Javier Milei había prometido en febrero que para “el 1° de enero de 2026 no existirá el cepo“, pero el cierre del año encuentra a Luis Caputo quemando reservas para aplacar una corrida cambiaria mientras busca los dólares para pagar vencimientos de deuda y al Banco Central condicionando la flexibilización.
En febrero de este año, el presidente Javier Milei aseguró que “el 1° de enero de 2026 no existirá el cepo”. Incluso aclaró que, sin asistencia del Fondo Monetario Internacional (FMI), las restricciones cambiarias se eliminarían de todas formas para 2026.
Sin embargo, a pocas horas del finde 2025, el Gobierno no solo no parece ser capaz de cumplir con su promesa, sino que además el ministro de Economía Luis Caputo volvió a su costumbre de quemar dólares del Tesoro Nacional para contener una corrida cambiaria en las últimas jornadas de diciembre.
Para colmo, aún no tiene los fondos necesarios para afrontar los vencimientos de deuda de enero. Por las dudas, el Banco Central aclaró en su último informe que cualquier flexibilización futura del cepo estará atada al acceso a los mercados internacionales, dejando entrever que la eliminación total de las restricciones no está en el horizonte inmediato.
Intervención desesperada para frenar el dólar
El cierre del año encontró a los mercados financieros presionando al alza el tipo de cambio, en un contexto marcado por la incertidumbre sobre la capacidad del Gobierno para hacer frente a sus obligaciones.
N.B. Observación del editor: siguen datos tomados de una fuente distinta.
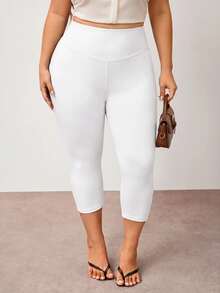 Enliva Plus Size Solid Color High Waist Casual Skinny Leggings, Elastic Capri Length Tight Pants - White - View 7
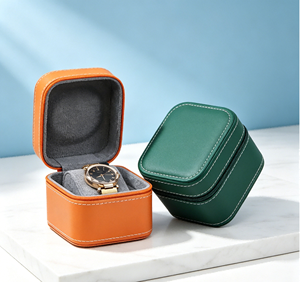 Boîte de rangement pour montre unique haut de gamme, faite à la main, en similicuir délicat, base rigide, orange, vert foncé, deux options de couleur, boîte magnétique - Product Image 3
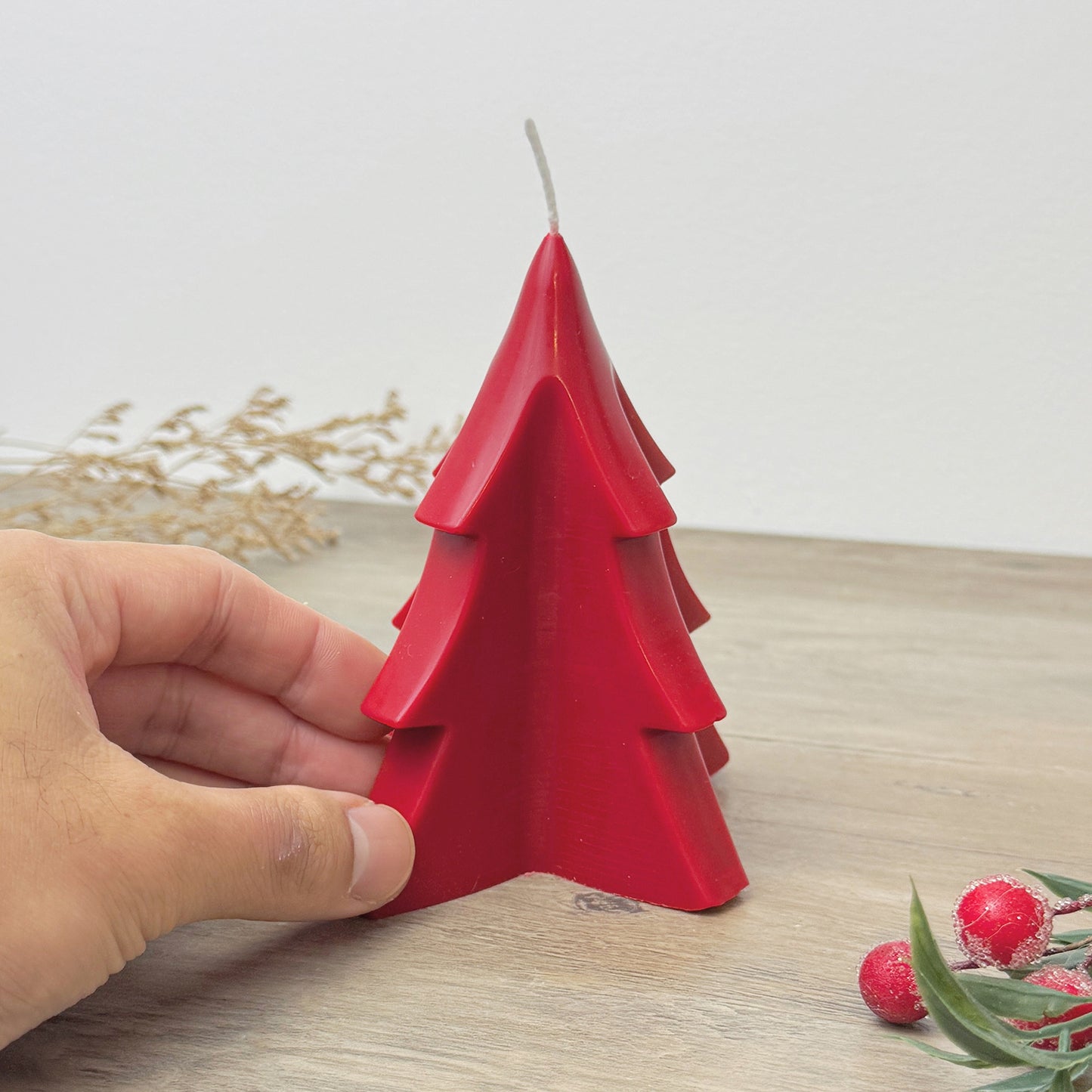 Red Christmas Tree Candle - Red Christmas Candle - Christmas Decoration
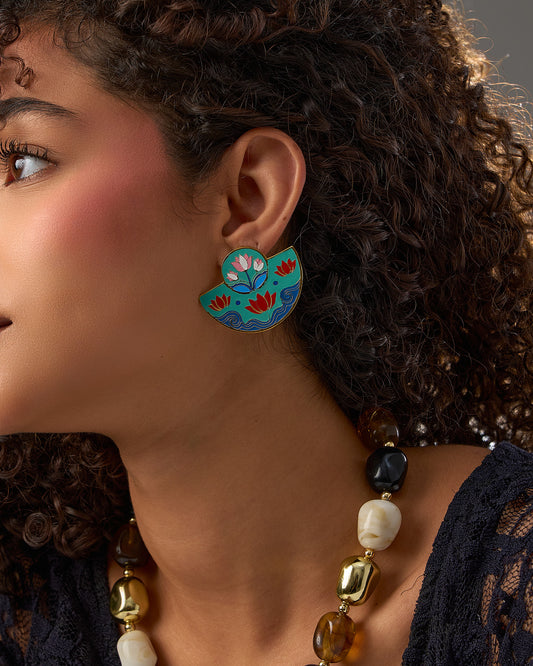Colored flowers earrings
Durante las últimas jornadas de diciembre, el Tesoro realizó ventas masivas de divisas para evitar que el dólar mayorista perforara el techo informal de $1.457.
El lunes previo al fin de año, el volumen operado en el mercado oficial alcanzó los 902 millones de dólares, una cifra extraordinaria incluso para días de alta volatilidad. Analistas del mercado atribuyeron esta cifra inusual a la intervención directa del Tesoro Nacional, que habría vendido entre 250 y 300 millones de dólares para contener la escalada.
El analista Christian Buteler resumió la situación: el dólar mayorista cerró en $1.457 con un aumento del 0,31%, con un fuerte volumen operado y el Tesoro vendiendo para evitar que se acerque al techo de la banda, de modo que terminó la jornada a 4,3% de la banda superior.
Esta intervención tuvo consecuencias inmediatas en el mercado de pesos. La tasa de caución a un día (el interés interbancario a cortísimo plazo) se disparó hasta tocar el 140% anual, un nivel que refleja la desesperación de los inversores por dolarizarse.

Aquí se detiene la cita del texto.